Kwibuka24: MP Kalisa recalls the famous ‘Ibyitso’ saga
Sunday, May 06, 2018
Evariste Kalisa is a member of parliament who represents the Liberal Party. Sam Ngendahimana.

On October 4, 1990, shortly before midnight, when most families in Kigali were in bed, gunfire rocked the usually silent capital of Rwanda. Evariste Kalisa, now a lawmaker, was in bed in his house at the Electrogaz compound in Gikondo where he lived with his family – spouse and three children. In Electrogaz – electric utility of the time – he was head of the Kigali’s power division.

Looking back, he says, the night’s gunfire was part of "a comedy”orchestrated by the then government army who invented a treacherous lie that the city was under attack by the Rwanda Patriotic Front (RPF).

"We had all been asleep when the shooting begun. We were terrified”.

Come sunset, everyone was too scared to venture outside but Kalisa’s boss, Jotham Ntirikwendera, called and ordered him to report to work.

"I was to report to the city centre where our branch headquarters were. I told him that I did not have a vehicle and he sent one. Then he told me that there was a blackout at Kanombe military barracks and I was supposed to gather a team of technicians and we go sort the problem out”.

Moving from Gikondo to town, at around 9:00am, Kalisa recalls, he observed that the road was eerily deserted.
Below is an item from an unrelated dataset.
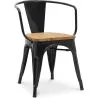 Sedia da pranzo con braccioli - Design industriale - Legno e acciaio - Nuova edizione - Stylix image 7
Despite the frightening gunfire the night before, to his dismay, there were no casualties or dead bodies along the way as he had dreaded.
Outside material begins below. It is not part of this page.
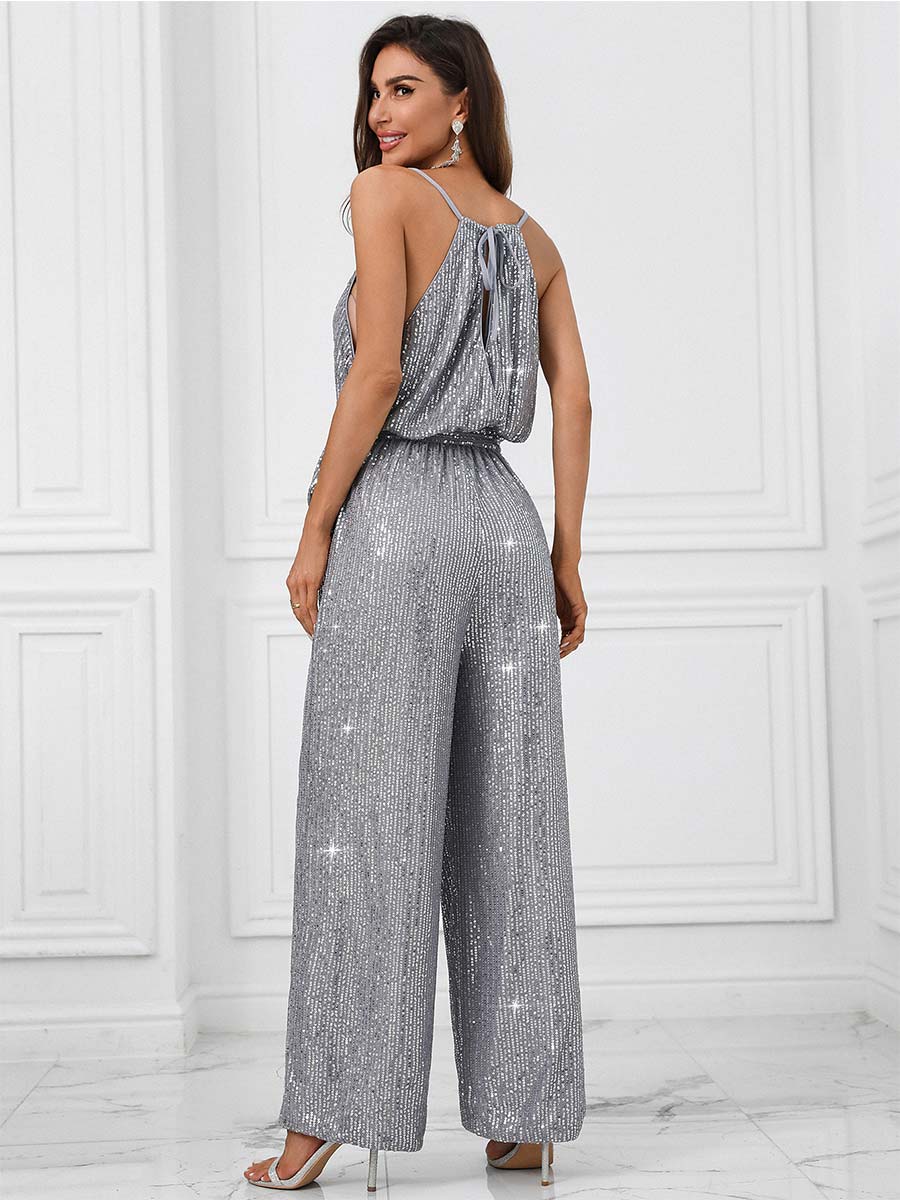 Solid Color Sequin Sexy Spaghetti Strap Jumpsuit - Image 6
"I had a gut feeling that something just wasn’t right,” he recalls thinking, as the party – including a technician and the chauffeur – hurried on.
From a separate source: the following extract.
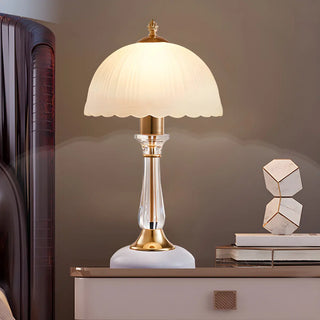 Elegant White Dome Glass Crystal Bedside Table Lamp Zawala Image - 2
"I was curious and so alert because I thought the gunfire had claimed lives. There were no casualties; nothing”.

At Kanombe, just before the entrance to the barracks, was a military roadblock. Their white pickup truck was stopped and they were asked to explain the reason for their visit and identify themselves. Everyone presented their IDs but Kalisa was singled out for vilification, intimidation, and threats.

"They said I wouldn’t proceed because I was Tutsi yet I was the one in charge. I said. ‘Okay, let me go back and the technician stays and works and we shall return to pick him’.” But they eventually allowed him in and his crew spent the day busy.

"Clearly, power cables were shattered the previous night and it was by no one else other than themselves [government soldiers] who shot at them.”

At around 5pm, they left the compound, without incident and he dropped the technician off near the Regina Pacis Church in Remera and headed home. At home, his wife was panicking. Besides the fact that her husband had been away too long, given the circumstances the night before, she had information that her two brothers then working in Byumba [now Gicumbi] – another town about 60 kilometers, north of the Kigali – an uncle and other people had been taken into custody.

"Things were getting rougher because there had been other arrests in other parts of the country. I comforted her, and told her to be strong, because all these people were being rounded up simply because they were Tutsi, just like me. That night I kept all my clothes on. My sweater and shoes were near the bed, and I kept the radio on, prepared to be arrested”.

And indeed, early the next morning, it happened. News bulletins over and over again reported an attack on the capital, by the Rwanda Patriotic Front (RPF).

It was Sunday and their three-year old daughter ceaselessly pestered her mother. In her joy and innocence, unaware of the cruel tragedy slowly engulfing the nation, the little girl inquired about plans to attend church service, as she was used to. 

All of a sudden, a military jeep was at their gates and uncivil soldiers invaded the home. His partner who had been outside dashed back. But before she could inquire about their impromptu company, soldiers forced their way in and, within no time, one hit the main bedroom’s door with his rifle butt.

"They asked me if I had a gun and I said I didn’t. They asked about origins of the shootings the night before and I told them I too heard but didn’t know.

Aren’t you the one called Kalisa Evariste?

The soldiers were enraged and turned the entire house upside down. Being the beginning of a new month, the family had, as a habit, stocked up supplies. Stocking up on food, the soldiers accused him, was proof that he had prior knowledge of an imminent attack by the RPF rebels and that was why he had prepared.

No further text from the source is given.